A SHORT REVIEW DOES WELL TO CONCENTRATE on a few key points: Apollinaire is far too large a presence to be scanted. I will therefore discuss, more or less simultaneously, (1) "Zone," the first and emphatically the most important poem in Alcools; (2) the translator's approach; and (3) the structure of the book.
Though it comes to the reader first, "Zone" was the last of the book's major poems to be written: it "clearly implies," as Francis Steegmuller has said, "the actual birth of a new poetry . . ." Like Ezra Pound, the "new" is Apollinaire's basic theme, as "antiquity" is his major target (what Pound termed "two gross of broken statues . . . a few thousand battered books"). "A la fin," "Zone" begins, in a line set off, like each of the first three lines, from the rest of the poem, "tu es las de ce monde ancien" ["you're finally tired of that ancient world"]. The poem's third line then makes absolutely specific just what "mode ancien" "Zone" is concerned with, "l'antiquite grecque et romaine" ["Greek and Roman antiquity"]. What Revell gives us for "ce monde ancien," however, is "this elderly world," and the "antiquity" Apollinaire so carefully spells out becomes simply the one word "antiquity." There is no more: in this translation, Greece and Rome have disappeared without a trace. In short, a late-twentieth-century age-related fatigue has been substituted for Apollinaire's infinitely larger, historically-based weariness, and the vital historical specifics have been eliminated.

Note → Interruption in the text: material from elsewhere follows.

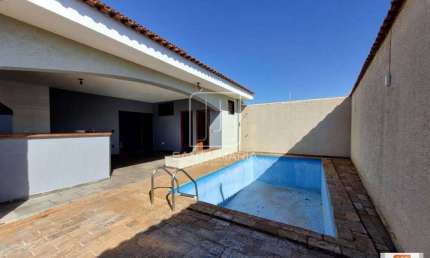 Casa (térrea na rua) 4 dormitórios/suite, cozinha planejada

Why? Well, Revell explains, in a strained, portentous introduction: "as the audacities of 1913 may not seem audacious now, I have tried, in translating Apollinaire to the end of his century, to present him a new suit of grammars, a suit cut after his own audacious style." There is nothing wrong with "adaptations" or "imitations," a la Lowell or anyone else. The difficulty stems from not clearly indicating (or recognizing) what one is up to. Revell is determinedly vague, even evasive: "I have attempted a new translation of Alcools because, as a poet and as a reader of poetry, I feel lonely for joy and for the spur of joy."
Worse, his vagueness is both deliberate and uninformed. In line 7, Apollinaire pivots away from "l'antiquite grecque et romaine" and toward the "tu" ["you," in personal and intimate terms] to whom the poem is addressed. "Seul en Europe tu nes pas antique, o Christianisme" ["Only you, in all Europe, are not antique, oh Christianity"]. Revell's translation, "In all Europe only you O Christianism are not old," is doubly blurring. "Christianism" -- a rare term referring only to the formal tenets and rituals of Christianity -- is emphatically not what "Christianisme" means or Apollinaire is talking about, and "antique," once again, is not merely age-related.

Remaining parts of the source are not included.